Прохор закурил папиросу и торопливо стал спускаться с сопки. Он много слышал от Фаркова об этих лесных людях – тунгусах, но ни разу не видал их вплотную. Прохору начали попадаться олени. Крепкие, красивые, с раскидистыми рогами, – шерсть лоснилась под солнцем, черные глаза блестели. А некоторые были облезлые, новая шерсть еще не отросла, они прихрамывали; на ногах, повыше копыт, гноились раны, в которых кишели белые черви.
– А-а, люча[1] прибежаль, русак! Здраста, бойе!
Мелкими шажками, приминая белый кудрявый мох, подходил к нему старик тунгус.
– Здраста! – проговорил он гортанным голосом и потряс протянутую руку Прохора. – Как попаль, бойе? Торговый, нет? Огненный вода есть, нет? Порох, дробь, цакар, чай? А? – Старик прищурил раскосые узенькие глаза и улыбнулся всем своим безволосым, в мелких морщинах, лицом.
– Айда! – махнул рукой тунгус, и они пошли. Тонкие стройные ноги старика в замшевых длинных унтах четко отбивали быстрые шаги.
– Куда, бойе, вниз бежишь на шитике? – спросил тунгус, когда вышли на берег.
– В Крайск, старик, в Крайск. Доплывем?
Тунгус удивленно посмотрел на него и потряс головой:
– Нет. Сдохнешь.
Прохор начал возражать, горячо заспорил, но тунгус стоял на своем:
– Совсем твоя дурак… Зима скоро… Шибко далеко, бойе.
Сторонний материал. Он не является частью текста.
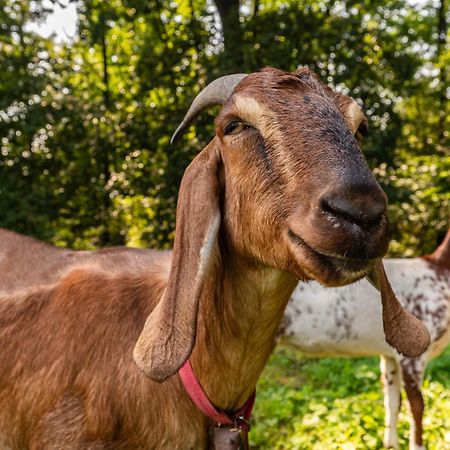 Orzechowa Ostoja Noclegi Energylandia Bachowice Luaran gambar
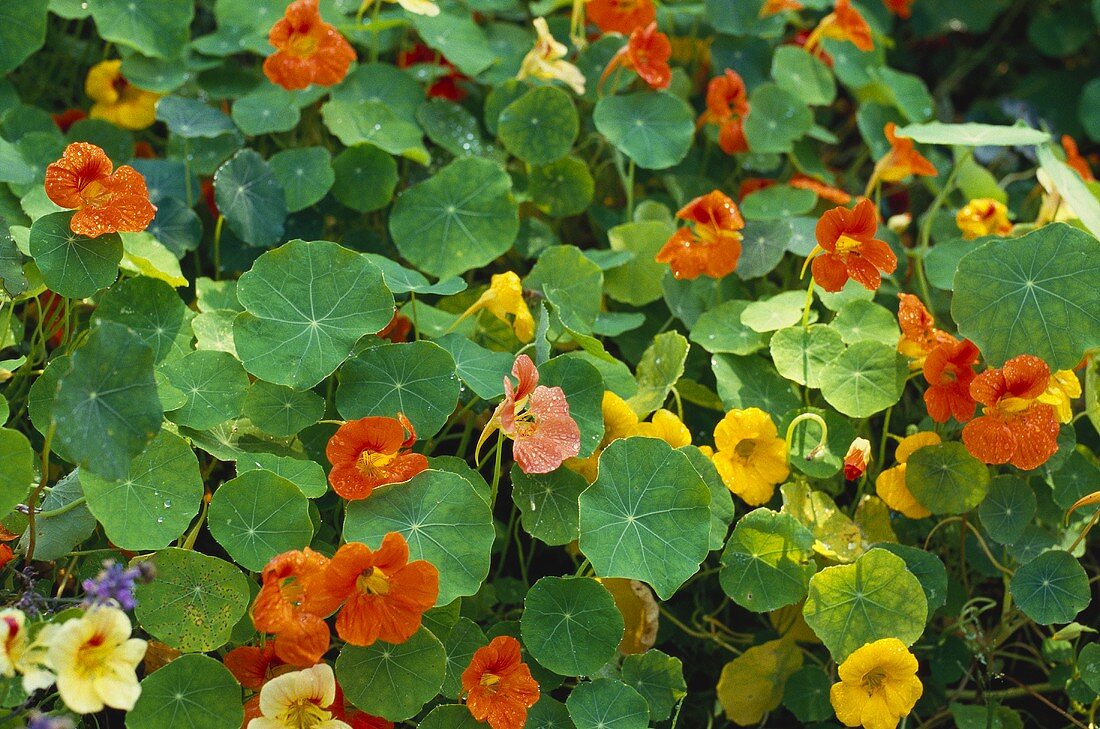 Flowering nasturtiums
Боро-ни-и-и Бог!
В стойбище жили три семьи. Пылал огромный костер – гуливун, – возле него суетились бабы, старые и молодые; они стряпали, варили в котлах мясо. Сухопарый тунгус в грязнейшей рубахе и с длинной черной, как у китайца, косой ссекал с мертвой оленьей головы рога. В стороне сидела жирная старуха с голой, неимоверно грязной грудью. Она скребла острым скребком растянутую оленью шкуру, выделывая из нее замшу – ровдугу. Возле нее стояло сплетенное из бересты и обмазанное глиной большое корыто, доверху наполненное прокисшей человеческой мочой, в которой дубилась кожа. Старуха все время что-то бурчала себе под нос толстым голосом и страшно потела от усилий.
– Э, бойе!.. Э!.. – Она не умела говорить по-русски, но Прохор понял, что она просит ружье. Глаза ее вспыхнули.
Старик тунгус, все время не покидавший Прохора, сказал ему:
– Это мой баба… Шибко хорошо стрелят… медведя бил, самого амикана-батюшку… Шибко много… Борони-и-и Бог! Вот слепился… Мало-мало кудой глаз стал…
Старуха вертела в руках ружье, прищелкивала языком, вскидывала на прицел: «бух-бу-х!» – и радовалась, как ребенок.
Над небольшим костром у чума суетилась в работе молодая женщина. Ей жарко – солнце припекало не на шутку, – она по пояс нагая, только грудь кой-как прикрыта сизым халми[2], вышитым бисером и отороченным лисьим мехом.
В разговорах со стариком Прохор воровским взглядом ощупывал стройную фигуру женщины – от черных с синим отливом волос до маленьких босых, покрытых грязью ступней.